In Tag Manager, click Preview in the top-right corner.
Enter the URL of your Lead Capture Form or Online Scheduling Service and connect.
Your form or scheduling page opens in a new window with Tag Manager's Tag Assistant attached.
As you load the page and submit the form (or make a booking), you'll see the 17hats events (such as page_view, view_item, and generate_lead) appear in the event timeline on the left.
Click an event to confirm your tags fired and to view the parameters 17hats sent in the data layer.
This is the best way to confirm everything is wired up correctly before publishing your container.
How are embedded forms tracked?
You can embed your Lead Capture Form and Online Scheduling on your own website. When you look at the data in Tag Manager, the page information will reflect the 17hats form or scheduling page, not the page you embedded it on.
For example, if you embed a Lead Capture Form on your homepage, the page location reported with the event will be the URL of the 17hats form, not the URL of your homepage.
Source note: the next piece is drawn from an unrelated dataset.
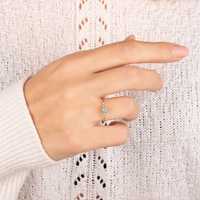 Женское кольцо из белого золота с бриллиантами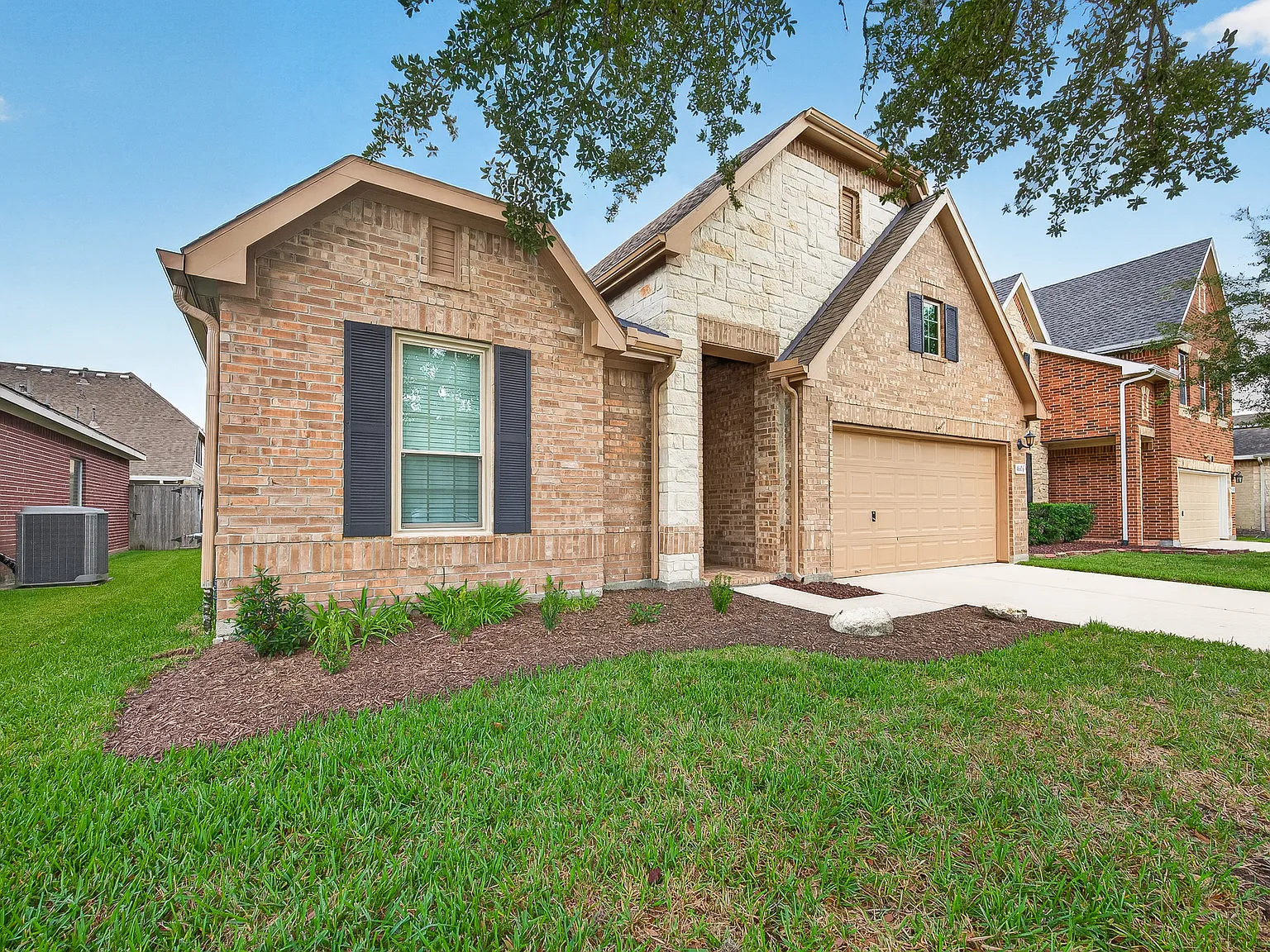4606 E Meadow Drive — Photo 4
A Note on Google Analytics
Google Tag Manager and Google Analytics are not the same thing, and you don't have to choose one instead of the other. Tag Manager is the delivery and management system; Google Analytics is one of the destinations you can send data to. Many businesses use Tag Manager specifically to feed Google Analytics, along with their other tools, from a single place. If Google Analytics is the only destination you care about, the simpler GA4 option in 17hats may be all you need. See Google Analytics for 17hats Online Scheduling and Lead Capture Forms for those instructions.